#### Work instruction:
Starting with the line that holds "Industrial For Sale" and stopping after the line that holds "Welch Allyn 4800-60", repeat the lines below word for word, without the pictures.

#### Supplied data:
◆ ◆ ◆ ◆ ◆

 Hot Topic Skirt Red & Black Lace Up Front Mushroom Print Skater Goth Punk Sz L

◆ ◆ ◆ ◆ ◆

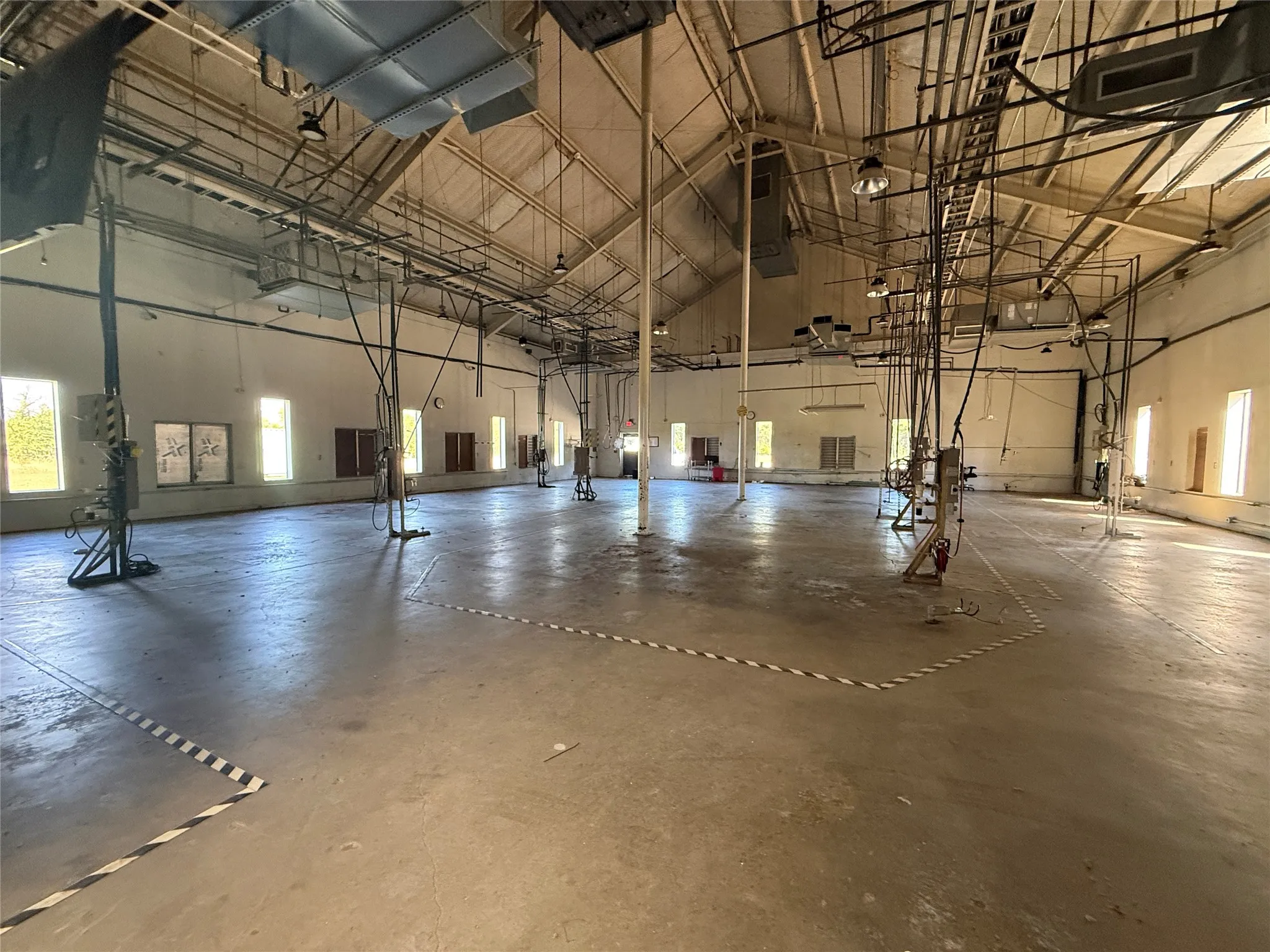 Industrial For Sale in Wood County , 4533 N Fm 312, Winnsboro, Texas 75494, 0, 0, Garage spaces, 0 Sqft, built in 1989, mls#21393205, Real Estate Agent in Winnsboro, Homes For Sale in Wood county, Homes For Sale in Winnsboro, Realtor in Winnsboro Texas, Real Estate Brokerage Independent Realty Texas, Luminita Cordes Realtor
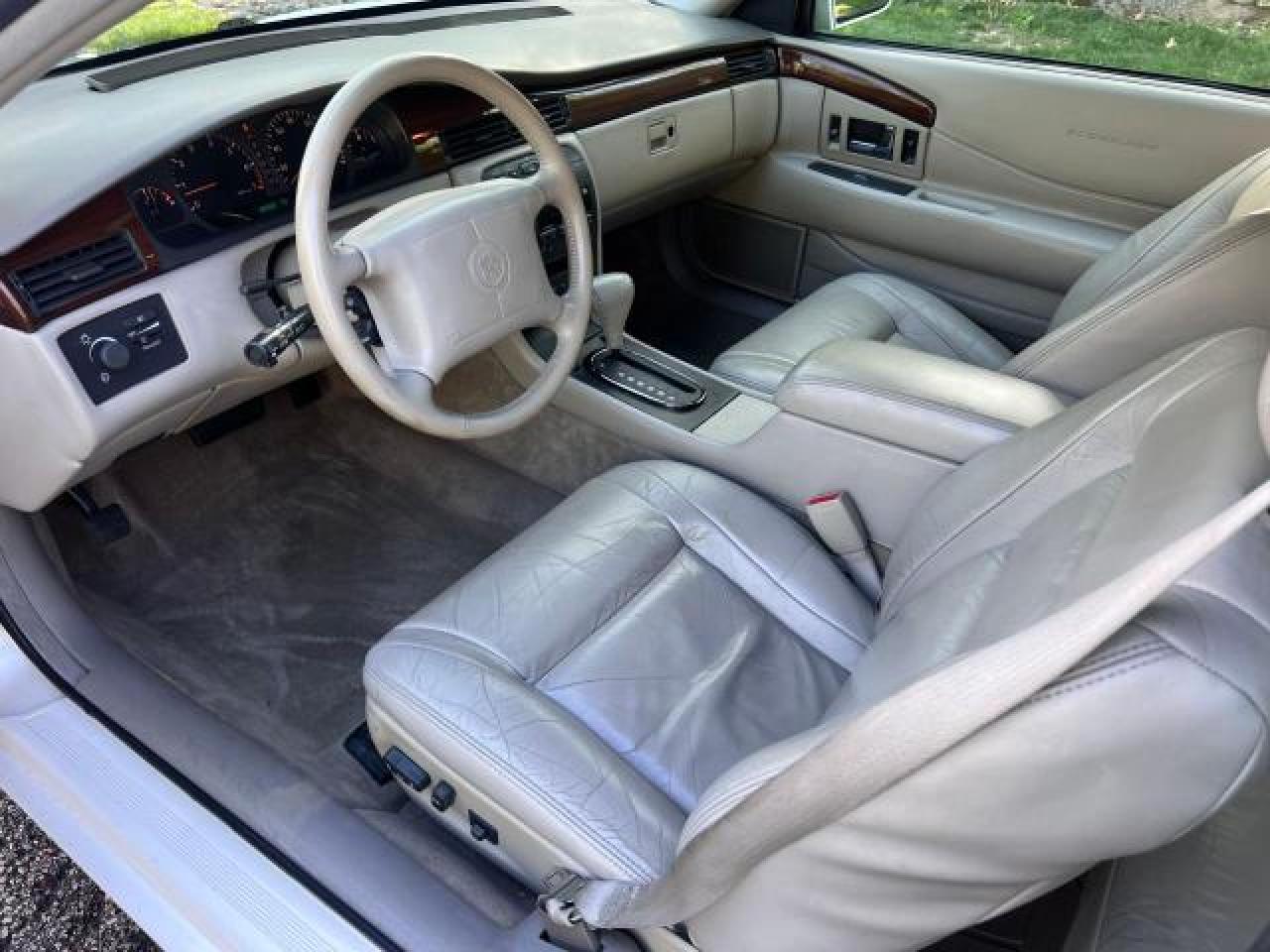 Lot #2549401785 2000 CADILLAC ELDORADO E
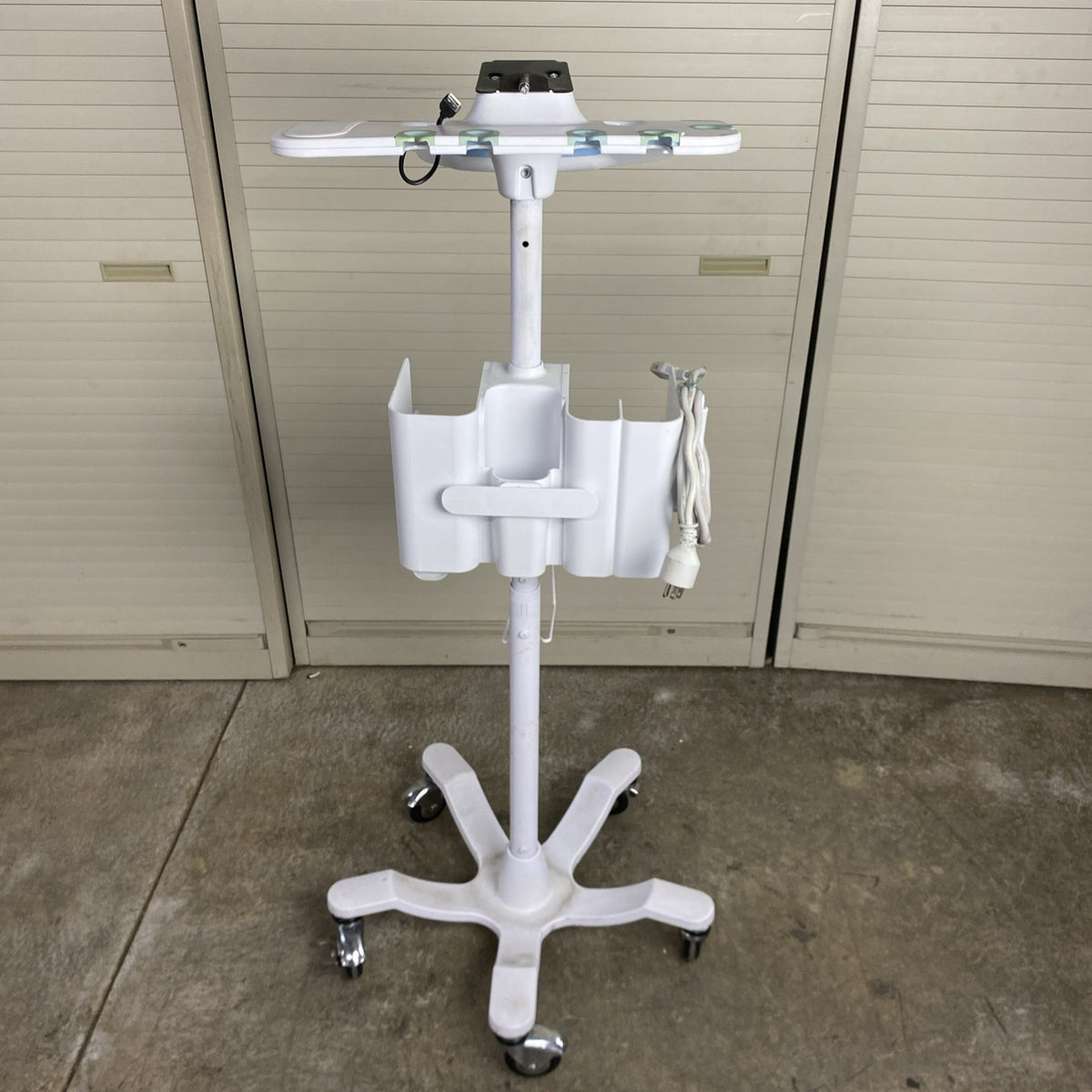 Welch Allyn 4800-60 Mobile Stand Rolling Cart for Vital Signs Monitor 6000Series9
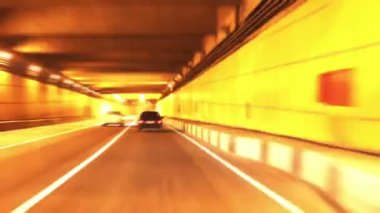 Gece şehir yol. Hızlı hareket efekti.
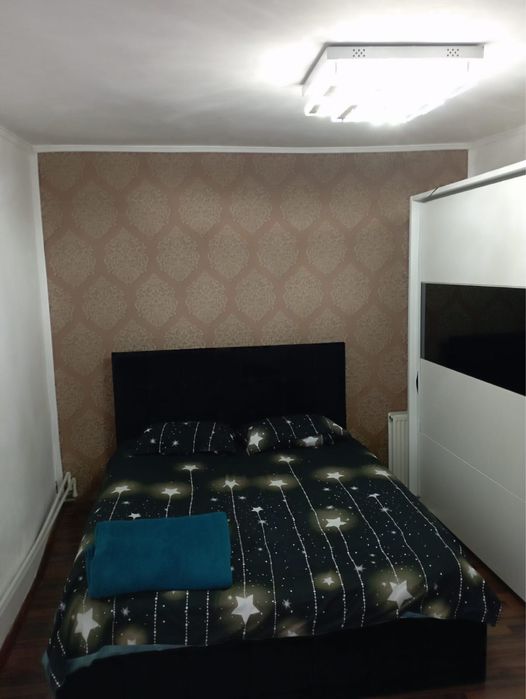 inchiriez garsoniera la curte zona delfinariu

◆ ◆ ◆ ◆ ◆

#### Result of the task:
 Industrial For Sale in Wood County , 4533 N Fm 312, Winnsboro, Texas 75494, 0, 0, Garage spaces, 0 Sqft, built in 1989, mls#21393205, Real Estate Agent in Winnsboro, Homes For Sale in Wood county, Homes For Sale in Winnsboro, Realtor in Winnsboro Texas, Real Estate Brokerage Independent Realty Texas, Luminita Cordes Realtor
 Lot #2549401785 2000 CADILLAC ELDORADO E
 Welch Allyn 4800-60 Mobile Stand Rolling Cart for Vital Signs Monitor 6000Series9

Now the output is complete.